A vigorous semi-analytical model is offered to describe the 3D coupled nonaxisymmetric non-steady acousto-elastodynamic behavior of a submerged solid sphere with an off-center fluid-filled spherical cavity, acted upon by general distributed time-varying mechanical loads at its internal and/or external boundaries. The solid medium is designated by the 3D Navier’s linear elasticity model, while the internal/external ideal compressible fluids are assumed to obey the classical linear acoustic theory. Laplace transformation is applied to the time variable, and the separation of variables technique together with the pertinent fluid/solid interface conditions, the classical orthogonality properties of spherical harmonics, and a modified form of the translational addition theorem for spherical vector wave functions, are utilized to attain the final matrix equations in terms of unknown modal coefficients.

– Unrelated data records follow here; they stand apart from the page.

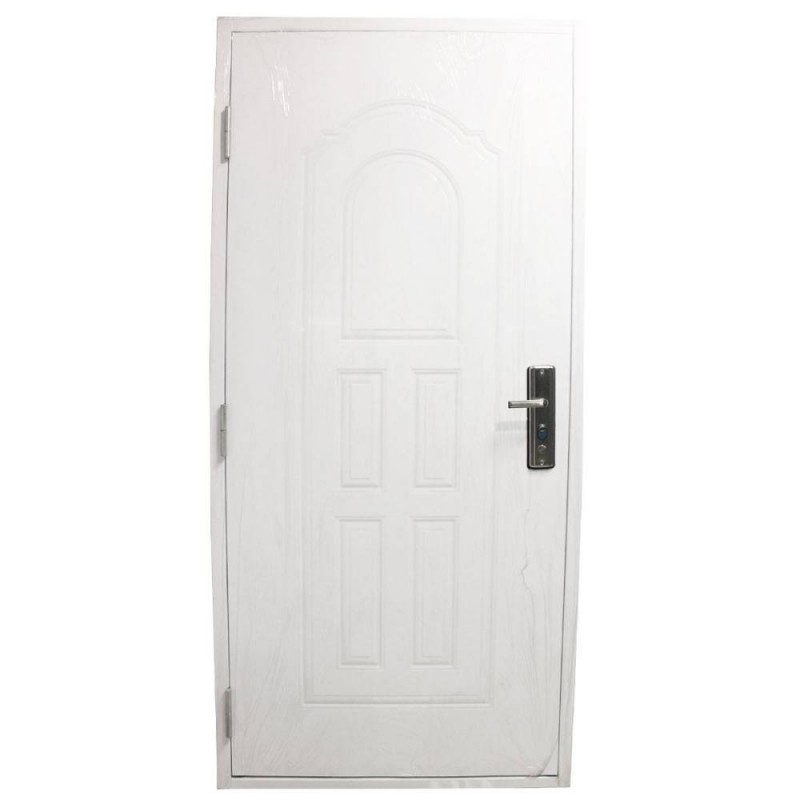 Porte metallique 2050x960 droite CREAM*
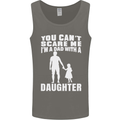 Dad With a Daughter Funny Fathers Day Mens Vest Tank Top Charcoal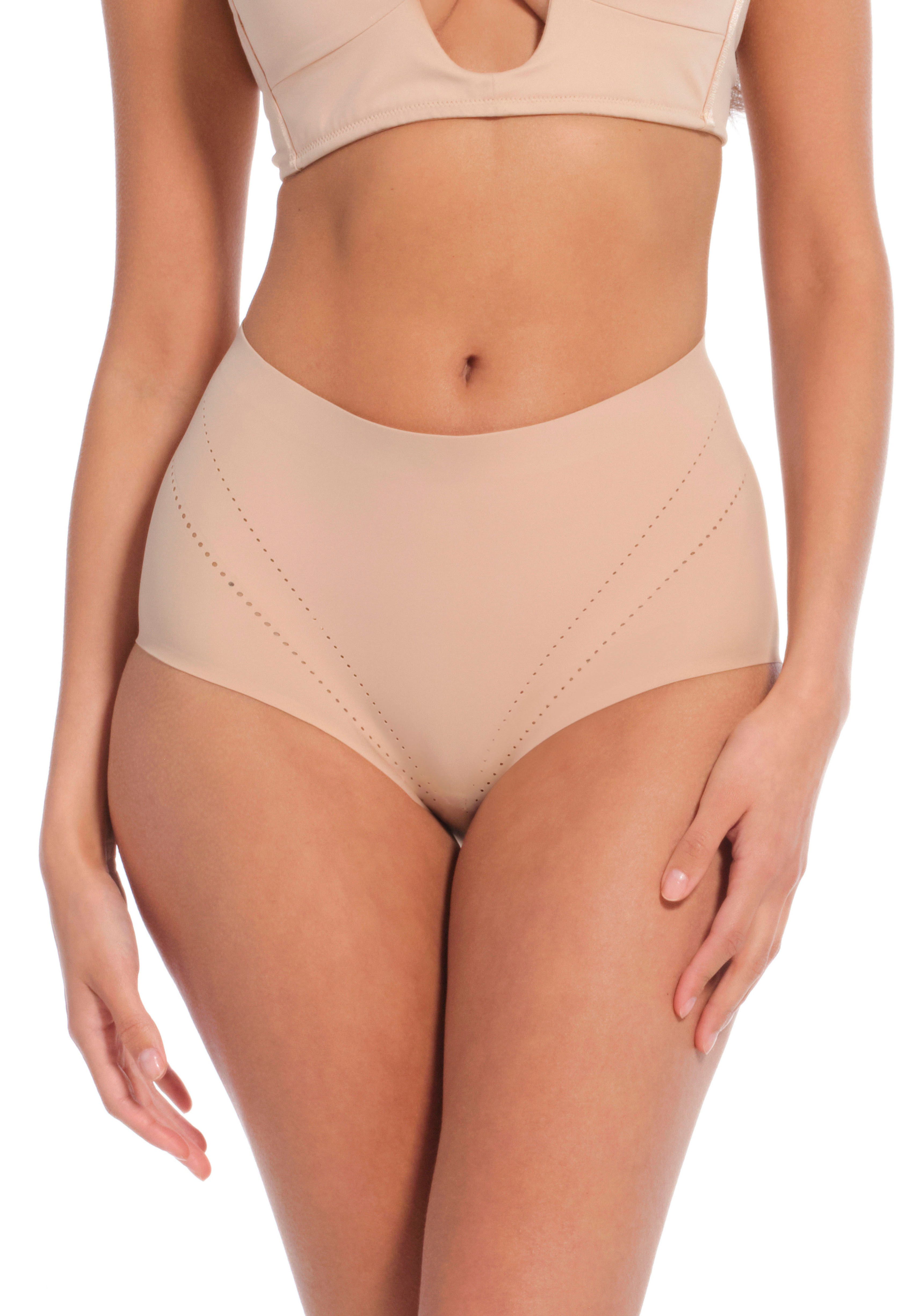 Magic Body Fashion Shapingslip Dream Shaper Brief zacht materiaal met ademend ontwerp dames slips maat XL bruin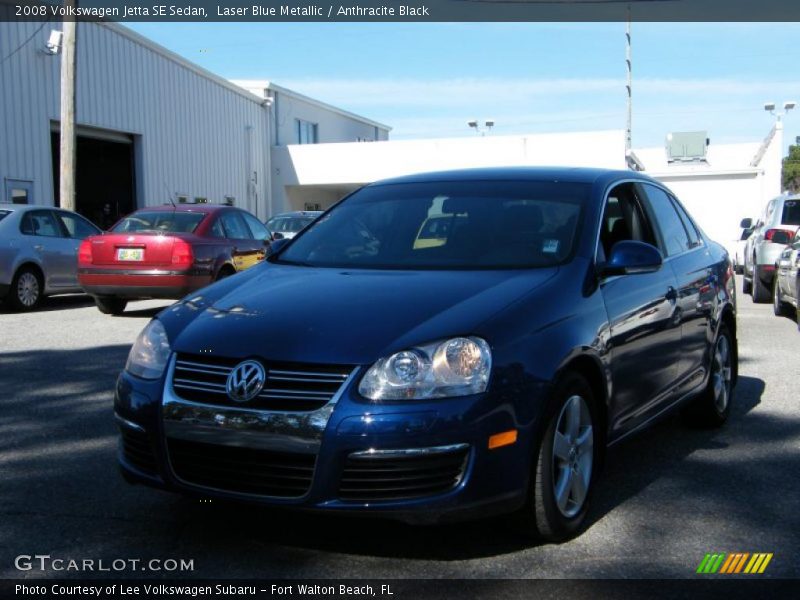 Laser Blue Metallic / Anthracite Black 2008 Volkswagen Jetta SE Sedan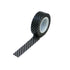 Washi Trendy Tape Fishnet Black / Cinta Adhesiva Descontinuado Queen&Co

Durbin’s Laplace transform inversion algorithm is subsequently applied to compute the pressure/displacement time response histories of water-submerged eccentric and coaxial metallic spheres excited by a couple of external concentrated Ricker-pulse radial excitations. Also, some key characteristics of the transient structure/liquid interaction phenomena with respect to cavity eccentricity are noted based on selected two-dimensional visualizations of the internal/external sound fields. Lastly, the accuracy of numerical simulations is verified by employing a standard FEM software.